Blink once and the trajectory of technological advance shifts slightly. Blink twice and today’s technology is now irrelevant.

As technology evolves faster and faster, companies have responded internally by embracing more streamlined and flexible operational workflows that allow for an environment of constant innovation, collaboration and development. To stay competitive, it is essential to seek ways to optimize production and performance. There are a few different approaches to consider when seeking operational transformation, but two methodologies that come up most frequently are agile and DevOps. But, which one is better?

Agile and DevOps

One thing is for sure; gone are the days of the linear, waterfall approach to product development where complete product development lifecycles can stretch on for months or years. Yes, specifications, goals and timelines are clear and static in the waterfall approach, but by the time product launch comes around, usually the market has shifted. The waterfall approach is more heads-down, end-product focused which doesn’t really jive with the current environment where improving customer experience is prioritized above all.

Agile

In 2001, the Manifesto for Agile Software Development sparked a new way of thinking about development. Agile is an iterative approach to development where large, complex projects are broken into many smaller projects or “sprints” with the goal of increased speed, flexibility and improved responsiveness to user feedback. This allows companies to build and innovate while having a thumb on market trends. Agile is all about streamlining process and allows teams to constantly refine and improve a product in small, incremental and impactful ways.
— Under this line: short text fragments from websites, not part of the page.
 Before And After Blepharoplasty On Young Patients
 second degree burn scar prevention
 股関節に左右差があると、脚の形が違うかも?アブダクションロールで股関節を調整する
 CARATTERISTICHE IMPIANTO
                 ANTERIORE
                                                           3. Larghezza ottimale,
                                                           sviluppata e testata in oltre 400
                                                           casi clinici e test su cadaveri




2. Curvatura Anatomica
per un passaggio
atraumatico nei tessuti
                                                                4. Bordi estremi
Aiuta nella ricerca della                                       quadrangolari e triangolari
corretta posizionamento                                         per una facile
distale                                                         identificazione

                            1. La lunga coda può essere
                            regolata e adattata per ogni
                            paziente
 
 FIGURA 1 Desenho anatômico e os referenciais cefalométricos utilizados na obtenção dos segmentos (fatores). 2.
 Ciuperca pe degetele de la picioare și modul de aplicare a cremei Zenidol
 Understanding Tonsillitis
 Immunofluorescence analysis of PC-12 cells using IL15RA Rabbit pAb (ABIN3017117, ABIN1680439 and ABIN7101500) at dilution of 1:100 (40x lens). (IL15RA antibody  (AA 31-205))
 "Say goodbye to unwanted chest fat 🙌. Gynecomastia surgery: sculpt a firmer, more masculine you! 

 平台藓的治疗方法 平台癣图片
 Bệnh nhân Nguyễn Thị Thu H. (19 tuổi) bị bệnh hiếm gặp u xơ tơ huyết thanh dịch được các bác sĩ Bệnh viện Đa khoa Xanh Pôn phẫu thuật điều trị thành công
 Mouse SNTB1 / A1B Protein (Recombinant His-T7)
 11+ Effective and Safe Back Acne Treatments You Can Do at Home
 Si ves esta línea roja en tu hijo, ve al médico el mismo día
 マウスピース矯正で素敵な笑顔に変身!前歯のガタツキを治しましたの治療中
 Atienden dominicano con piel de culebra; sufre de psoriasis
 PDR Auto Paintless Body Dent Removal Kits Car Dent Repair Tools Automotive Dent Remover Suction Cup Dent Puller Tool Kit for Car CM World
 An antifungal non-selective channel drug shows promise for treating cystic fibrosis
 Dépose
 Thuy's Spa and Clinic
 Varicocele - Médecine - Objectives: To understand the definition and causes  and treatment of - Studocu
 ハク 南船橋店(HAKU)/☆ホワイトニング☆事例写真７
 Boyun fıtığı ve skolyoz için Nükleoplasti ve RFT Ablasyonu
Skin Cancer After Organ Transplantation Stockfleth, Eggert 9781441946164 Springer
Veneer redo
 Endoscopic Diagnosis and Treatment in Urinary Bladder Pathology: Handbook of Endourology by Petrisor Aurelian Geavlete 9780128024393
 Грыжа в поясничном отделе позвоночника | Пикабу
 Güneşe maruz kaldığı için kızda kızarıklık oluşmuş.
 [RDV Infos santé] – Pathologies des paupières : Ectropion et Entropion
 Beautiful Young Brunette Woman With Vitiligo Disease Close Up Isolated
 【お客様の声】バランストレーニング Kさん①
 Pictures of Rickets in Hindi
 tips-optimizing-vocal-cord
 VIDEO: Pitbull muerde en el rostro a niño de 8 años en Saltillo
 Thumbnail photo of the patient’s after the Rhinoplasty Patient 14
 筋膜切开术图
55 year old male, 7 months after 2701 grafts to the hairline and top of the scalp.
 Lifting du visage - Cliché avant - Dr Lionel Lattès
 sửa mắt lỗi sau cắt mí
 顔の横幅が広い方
Originally, agile was primarily focused in the world of software development, but now all varieties of teams are beginning to apply an agile approach to their processes.

DevOps

DevOps evolved due to the need for rapid deployment (i.e., getting a great product to the end user quicker). In order to achieve this, the traditional silos that existed between development teams and operations teams were removed, and DevOps emerged to represent the seamless collaboration of these two teams. DevOps is development and operations working as one with the common goal of quickly delivering a product. With the advent of cloud computing, DevOps teams, tools and techniques have become essential for managing the increased need for frequent deployments.

Goals of Agile and DevOps

Even though Agile is about process while DevOps is focused more on collaboration between teams, these approaches share many of the same underlying values and goals:

Continuous improvement

Both seek to incorporate user feedback and resolve problems and bugs quickly and efficiently. Agile and DevOps both value CI/CD (continuous integration/continuous delivery) goals.

Collaboration

Both Agile and DevOps break down traditional organizational structures and silos and instead embrace cross-team communication.

High quality and high speed

Agile values high-speed production and DevOps seeks frequent releases. Whether it is reduced downtime or superior customer experience, both approaches value high quality product.

Automation

Both DevOps and Agile seek clever ways to automate to streamline and increase efficiency throughout the CI/CD pipeline. In an agile development environment, this may be automated builds and validation. In DevOps, automation might be seen in configuration and monitoring tools.

Customer satisfaction and faster time to market

Unlike the traditional approaches of the past, Agile and DevOps both evolved from the need to improve customer experience and deliver products to the market faster.

Develop + deliver with agility

So, to answer the question of which approach is better – both together is better. Agility should not end with development. If a development team is already working in an Agile environment, it just makes sense to bring operations into the fold via DevOps. DevOps then becomes an extension to Agile development rather than a competing or separate approach. Combining Agile and DevOps completes the product development lifecycle by adding streamlined deployment, configuration, and monitoring to the loop and promotes end-to-end collaboration and automation. Agility is then built into the entire development/delivery cycle: design, develop, validate, deploy, monitor, and repeat.

Adopting both methods in parallel avoids the creation of any silos across the organization and promotes company-wide processes and collaboration. In the end, this equates to better customer experience and quicker time to market.